The 2008 Beijing Olympics combines both these communication impulses in a country that is seeing this dramatic shift from the analog and digital. The balance and alternation of signals is a powerful metaphor for much of what we do, no matter where we live.
The visually lavish opening ceremony with its human tableau set on a digitally created scroll was just the start. Bamboo scrolls gave way to print; and in a striking opposite effect, 2008 drummers played out a digital spectacle with their choreographed beats made to look like a LED screen which spelled out the count down. That too in Roman and Chinese numerals. How much richer could we get?
One Daily Mail journalist summed it up this way: “This was a feast for the eyes cooked not from the books of ancient culture so much as the latest Microsoft manuals.” I don’t think this is accurate. It was a feast for all our senses, cooked from a user manual that’s a mashup of the Little Red Book and Microsoft manual.
A few millenia after the drum and the torch, here’s how we send and receive information:
There’s a Twitter tag 080808 set up by three Chinese to connect everyone’s tweets.
Watch cell-phones streaming live video on Qik, a service also used by the Sacramento Bee to cover the torch protests.
Someone’s going to pull off an ambush next month in Beijing. It may be a brand ambush, but it could also be a story ambush. There’s going to be a PR controversy over a brand defending the tactic, or someone attacking the ambusher.

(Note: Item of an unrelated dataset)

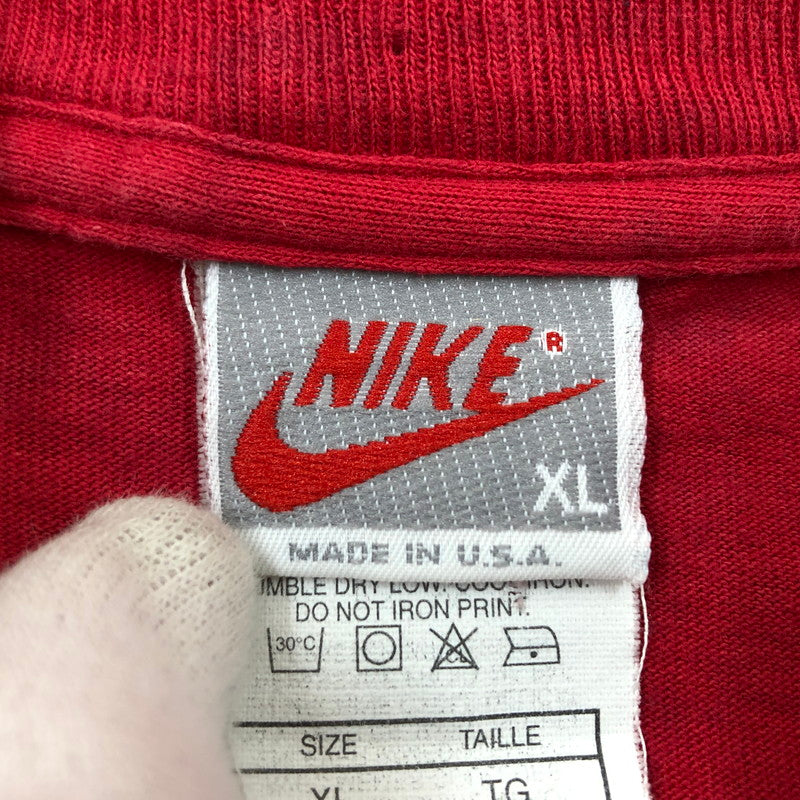 【現状渡し品】【メンズ】 NIKE ナイキ 90'S JORDAN PRINT TEE 両シングル ジョーダン プリント 半袖Tシャツ ヴィンテージ トップス 146-260412-hn-05-fur サイズ：XL カラー：レッド 万代Net店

I say this because of two trends that have collided:
The capacity to blur the lines between mainstream and viral, and
The field of diamonds that awaits the publicity seeker because of so much media attention on China
It could happen in a variety of ways, such as the old methods of sneaking in a T-shirt with a logo, a sign with an caustic slogan, or accidental product placement. But there are more sophisticated ways of beating the logo police. The whole idea of ambush marketing is to get attention not inside the Olympic village, but outside it. To you and me.
And that means defying not the logo police but the publishing police. Portable media such as smart phones and cameras can do that all too easily. Naturally the authorities have been cagy.
Rings around social media. And how about video sharing, live streaming, blogging? It’s so easy to stand up in front of an Olympic landmark -even a competitor’s sign –shoot a video and post it in a few clicks. The Official TV sponsor, NBC, may have the rights to all the venues, but rights means nothing to someone who has audience.
Rush to blog. Blog policy is being debated for obvious reasons. NBC has made sure it won’t be usurped by some media upstart, and is embedding its own journalist-blogger, Alan Abrahamson, at the games. Other blogs have cropped up fast, such as the New York Times‘ Rings, and The China Beat written by a group largely comprised of academics. Not media people, mind you! If I remember correct, athletes are still allowed to blog.
At the time of writing, there are 23,800 YouTube videos that come up for the keywords “2008 Olympics.” This includes a BBC clip using a ‘pollution detector‘ that tells a damaging story. In sixty days you can bet that number will be a lot higher, and quite possibly include a few that document tales of ambush.